Why Not Associates, thirty years on
The design studio celebrates its 30th birthday with the most comprehensive exhibition of its work to date, opening at Sheffield Institute of Arts
Andy Altmann, David Ellis and Howard Greenhalgh met at the Royal College of Art. Upon graduation in 1987, they formed Why Not Associates.
This was a time of great change in graphic design as the Apple Mac first began to make its presence felt. But the trio had cut their teeth in an earlier time of acetate and fax machines. Their priority when setting up their first studio in London’s Archer Street? A darkroom. Their biggest investment? The best black and white photocopier money could buy. This was a practice built on experimentation and collaboration – with light and shadow, with technology, with materials, and often with photographer Rocco Redondo. A place where there was still room for the ‘happy accident’.
This attitude is suggested by the studio name itself. The story goes that a fellow RCA student, in his thesis on Bob Gill, compared the rigour of the great ‘ideas-based’ designers of the 60s with the approach of Altmann, Ellis and Greenhalgh. When he asked why they were pursuing a particular method of working, they once replied ‘why not?’ The name, and the open, ‘let’s make it and see what happens’ approach, stuck.
Thirty years later, the studio (now run by Altmann and Ellis after Greenhalgh left in 1993 to pursue a directing career) remains as committed as ever to this love of making and doing.

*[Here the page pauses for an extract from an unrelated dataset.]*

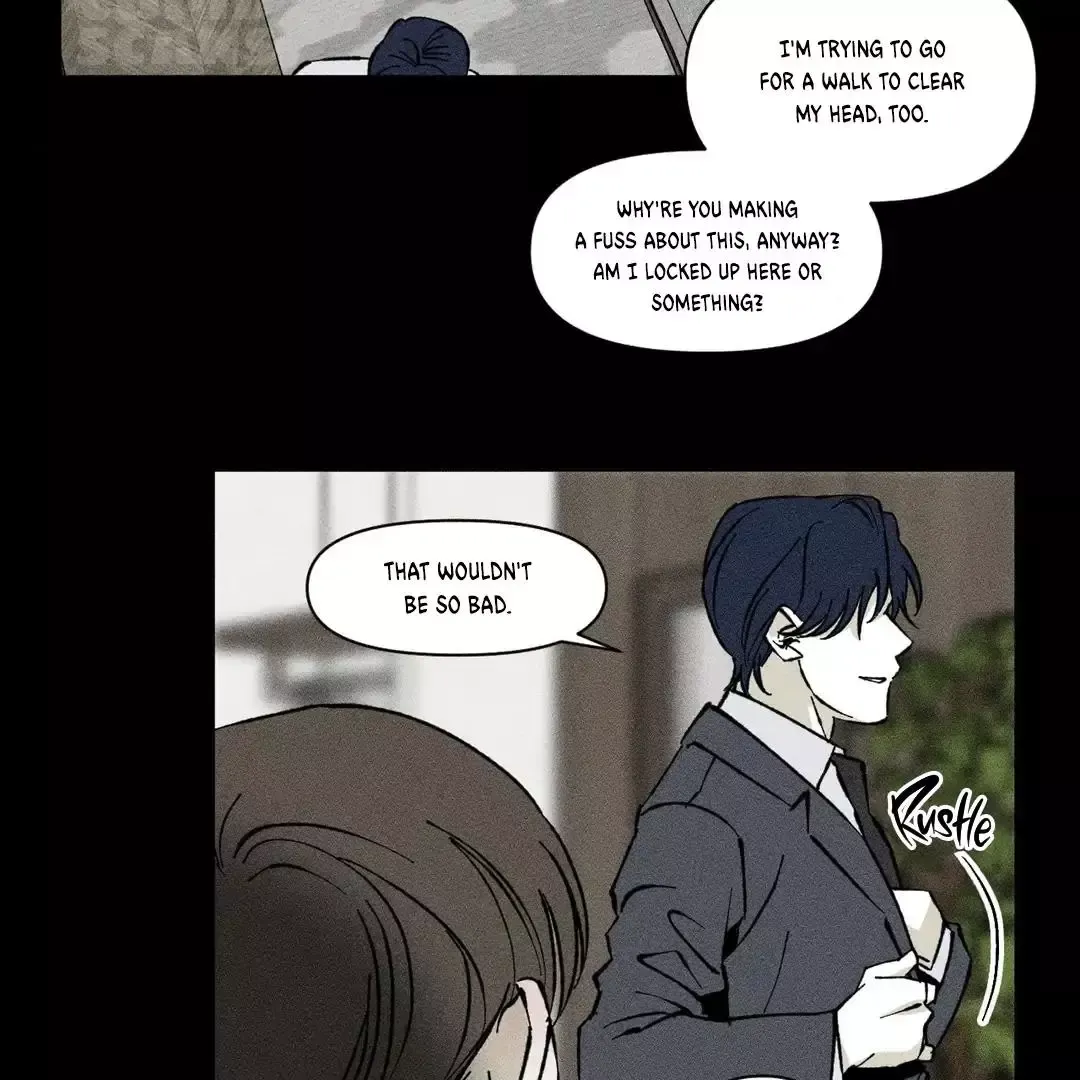 Unchanged Man - Chapter 26 Page 10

Perhaps its most high-profile project to date, the Comedy Carpet collaboration with artist Gordon Young, required 160,000 letters to be made out of 30mm solid granite and cast into hundreds of concrete panels. A former fish processing factory in Hull was converted by Young into a bespoke factory in order to handle the volume of work required. There was cutting and fettling, curing, grinding and polishing. It was public art as heavy industry – or heavy industry as public art.
For Why Not, such a process is often as interesting as its result. Their work will now get its biggest ever UK show – a retrospective at Sheffield Institute of Arts’ Post Hall Gallery opening on November 25.